Aim of the exercise: Output the lines of the listing below exactly, starting at the line containing "EKF km-av-1-20-20-24V Контактор" and stopping after the last line, with any pictures dropped.

== Provided entries ==

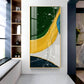 Chic Abstraction Glass Finish Vertical Wall Art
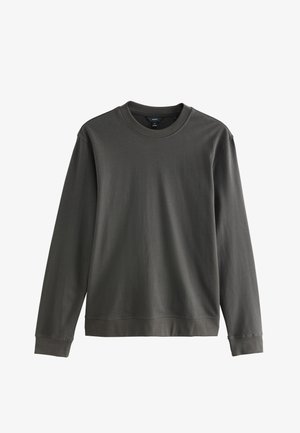 Temno siva jopa z dolgimi rokavi in okroglim izrezom, z rebrastimi manšetami in robom, prikazana na belem ozadju.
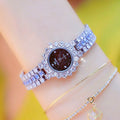 Women's multicolour quartz watch with stainless steel bracelet, alloy case, 8mm thickness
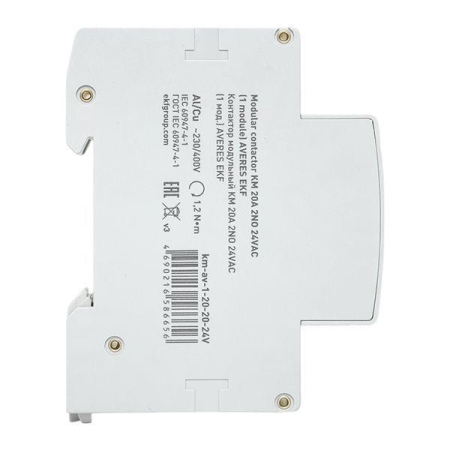 Контактор модульный КМ 20А 2NО 24В AC (1 мод.) AVERES EKF km-av-1-20-20-24V Контактор модульный КМ 20А 2NО 24В AC (1 мод.) AVERES EKF km-av-1-20-20-24V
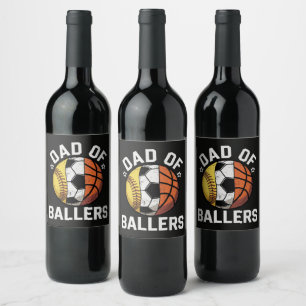 Étiquette Pour Bouteilles De Vin Papa des joueurs de balle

===

Exercise answer:
 Контактор модульный КМ 20А 2NО 24В AC (1 мод.) AVERES EKF km-av-1-20-20-24V Контактор модульный КМ 20А 2NО 24В AC (1 мод.) AVERES EKF km-av-1-20-20-24V
 Étiquette Pour Bouteilles De Vin Papa des joueurs de balle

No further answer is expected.